> [What you need to do]
Look through the data below, tally the lines where "Image" occurs, and write the total alone.

> [Information]
# # # # # # #
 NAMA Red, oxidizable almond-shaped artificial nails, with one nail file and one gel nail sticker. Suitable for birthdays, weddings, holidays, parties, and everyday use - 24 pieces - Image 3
# # # # # # #
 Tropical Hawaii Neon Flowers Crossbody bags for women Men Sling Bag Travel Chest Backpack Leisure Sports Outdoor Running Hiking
# # # # # # #
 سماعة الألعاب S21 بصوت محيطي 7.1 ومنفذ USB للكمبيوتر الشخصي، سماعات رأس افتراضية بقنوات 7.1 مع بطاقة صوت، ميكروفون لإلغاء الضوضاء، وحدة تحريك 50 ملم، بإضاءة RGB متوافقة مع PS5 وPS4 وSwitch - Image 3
# # # # # # #
> [Answer below]
2